Le maire de Vaulx-en-Velin, Abdelkader Lahmar, est revenu ce vendredi 18 septembre sur la possible annulation du scrutin des dernières élections municipales.
"Nous ne sommes pas là pour dénoncer, mais pour souligner." C’est par ces mots qu’Abdelkader Lahmar a ouvert sa conférence de presse ce vendredi 18 septembre à Vaulx-en-Velin. Six mois après sa victoire aux élections municipales, le maire LFI doit désormais faire face à la possibilité d’une nouvelle élection.
Le 14 septembre dernier, la rapporteure publique du tribunal administratif de Lyon a préconisé l’annulation du scrutin. À Vaulx-en-Velin, 693 bulletins de la liste menée par Christine Bertin avaient été considérés comme nuls au second tour, celle-ci ayant oublié de faire figurer la nationalité néerlandaise d’une colistière sur les bulletins. L’écart de voix n’étant que de 104 entre Abdelkader Lahmar et Hélène Geoffroy, la rapporteure publique a estimé que cela pouvait remettre en cause la sincérité de l’ensemble du scrutin.
"On ira jusqu’au bout"
Devant les journalistes, le maire a rappelé que deux recours ont été déposés après le scrutin et affirme que le second lui est parvenu un mois et demi après l’élection. Il dénonce également les différents arguments avancés durant l’audience, estimant que certains éléments ont contribué à jeter le discrédit sur son élection. "En fait, tout a été fait pour nous décrédibiliser", affirme-t-il.
"Il n’est pas question aujourd’hui de dire qu’on remettra en question une décision judiciaire. Le juge fera son travail à partir de la loi et de la jurisprudence", souligne-t-il. Mais il prévient : "on ira jusqu’au bout. Le Conseil d’État statuera, et après on n’aura plus d’autre possibilité d’appel. Mais on va se battre jusqu’au bout parce que c’est une injustice".

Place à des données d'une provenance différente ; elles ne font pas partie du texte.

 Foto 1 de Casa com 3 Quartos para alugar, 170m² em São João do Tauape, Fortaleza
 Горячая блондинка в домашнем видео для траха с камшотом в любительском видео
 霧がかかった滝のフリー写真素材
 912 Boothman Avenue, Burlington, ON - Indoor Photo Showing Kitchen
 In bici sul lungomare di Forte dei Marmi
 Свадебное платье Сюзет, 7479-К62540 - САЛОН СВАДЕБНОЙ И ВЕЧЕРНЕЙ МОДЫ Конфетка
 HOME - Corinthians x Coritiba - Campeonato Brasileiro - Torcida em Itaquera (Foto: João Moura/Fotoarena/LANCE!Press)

Abdelkader Lahmar est aussi revenu sur la journée du 22 mars. Selon lui, les services de la préfecture auraient contacté la mairie à 9h55 pour demander le retrait des bulletins concernés, en raison de l’absence de la mention de la nationalité néerlandaise d’une colistière. Le maire affirme que cette demande n’aurait pas été immédiatement suivie d’une information officielle permettant aux bureaux de vote de retirer les bulletins. Une consigne écrite serait finalement arrivée à 19h50, indiquant que ces bulletins étaient nuls. Entre-temps, le scrutin s’était déroulé normalement. "En fait, on avait la possibilité de ressortir ces bulletins et de les réintégrer. La voix de ceux qui avaient voté pour elle aurait été représentée", estime-t-il.
"En cas de nouvelle élection, on y retournera"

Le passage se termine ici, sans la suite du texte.